## CLIMATEBERT: A Pretrained Language Model for Climate-Related Text
#### by Nicolas Webersinke, Mathias Kraus, Julia Anna Bingler, and Markus Leippold
#### Link to paper: [arxiv.org/abs/2110.12010](https://arxiv.org/abs/2110.12010)
#### Code Part 2: Language model training

Import libraries and empty GPU cache (if applicable)

In [None]:
from transformers import AutoTokenizer
from transformers import Trainer, TrainingArguments
from transformers import AutoModelForPreTraining
from transformers import DataCollatorForLanguageModeling

from datasets import load_dataset

import torch
# torch.cuda.empty_cache()

Load dataset via Hugging Face datasets

In [None]:
datasets = load_dataset("text", data_files={"train": 'corpus/train_corpus.txt',         # Path to txt file with training corpus (selected or not)
                                            "validation": 'corpus/val_corpus.txt'})     # Path to txt file with validation corpus

Print size of dataset

In [None]:
print(len(datasets['train']))
print(len(datasets['validation']))

Load the language model and the tokenizer from the augmentation

In [2]:
card = "model/distilroberta-base-augmented"
tokenizer = AutoTokenizer.from_pretrained(card, use_fast=True)
model = AutoModelForPreTraining.from_pretrained(card)
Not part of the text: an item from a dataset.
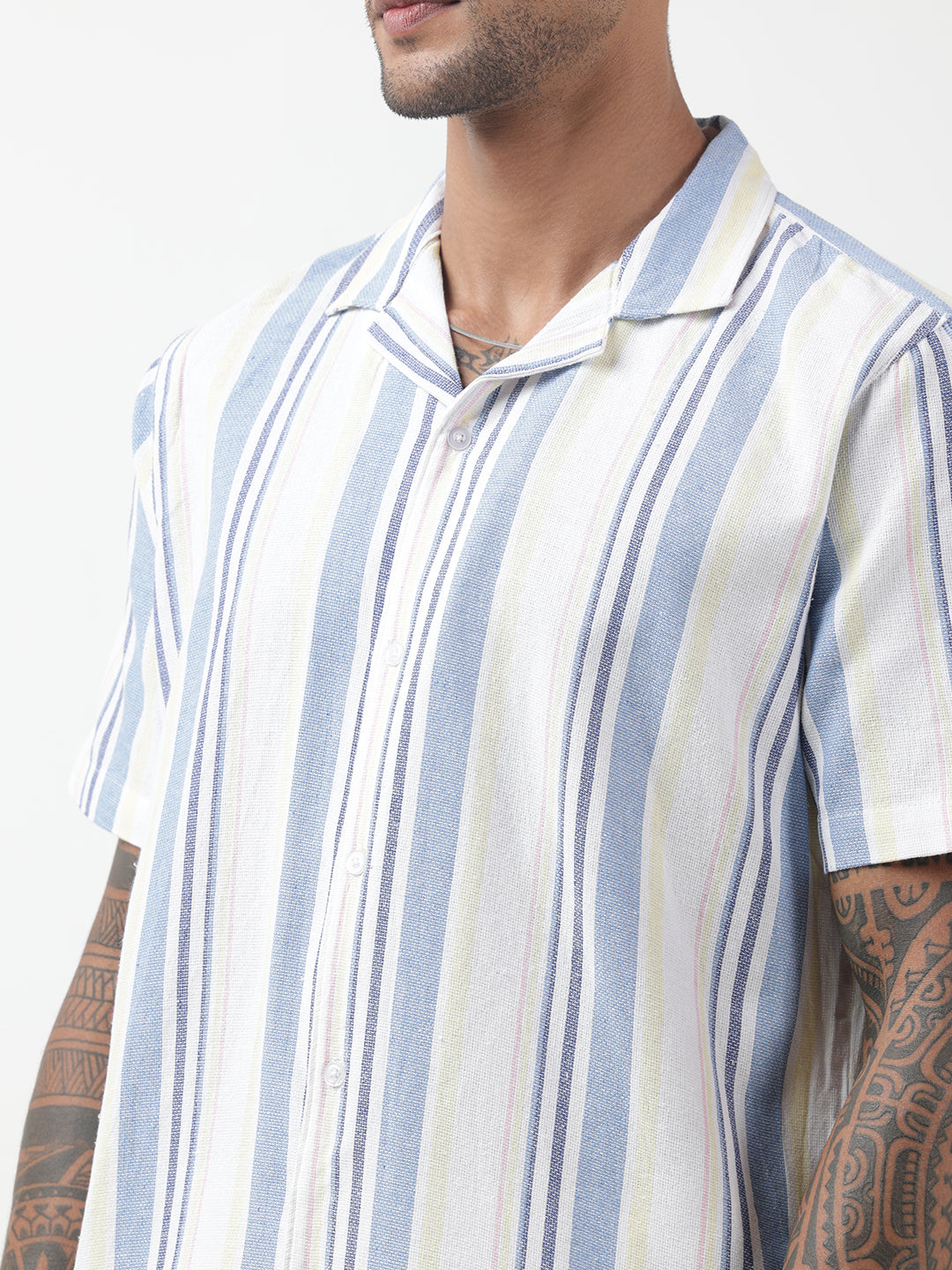 Men's Striped White Cuban Collar Shirt & Shorts Co-ord Set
Make sure the model is resized correctly

In [None]:
model.resize_token_embeddings(len(tokenizer))

Define tokenize function

In [16]:
def tokenize_function(samples):
    return tokenizer(samples["text"], truncation=True)

Perform tokenization

In [17]:
tokenized_datasets = datasets.map(tokenize_function, batched=True, num_proc=16, remove_columns=["text"]) # Adjust num_proc depending on machine

Init data collator for masked language modeling

In [18]:
data_collator = DataCollatorForLanguageModeling(tokenizer=tokenizer, mlm=True, mlm_probability=0.15)

Define training args

In [None]:
# For further arguments, see Hugging Face docs

training_args = TrainingArguments(
    output_dir="model/xyz",
    overwrite_output_dir=False,     # Attention!
    per_device_train_batch_size=24, # Adjust depending on machine
    per_device_eval_batch_size=24,  # Adjust depending on machine
    evaluation_strategy="epoch",
    save_strategy="epoch",
    fp16=True,                      # Adjust depending on machine
    dataloader_num_workers=8,       # Adjust depending on machine
    load_best_model_at_end=True,
    gradient_accumulation_steps=42, # Adjust depending on machine
    num_train_epochs=12,            # After 12 epochs the models didn't improve any further on our corpus 
    learning_rate=0.0005,
    weight_decay=0.01,
)

Init trainer

In [None]:
trainer = Trainer(
    model=model,
    args=training_args,
    train_dataset=tokenized_datasets["train"],
    eval_dataset=tokenized_datasets["validation"],
    data_collator=data_collator,
    tokenizer=tokenizer
)

Start training and evaluate/save (optional)

In [None]:
trainer.train()

In [None]:
trainer.evaluate()

In [None]:
trainer.save_model("model/xyz")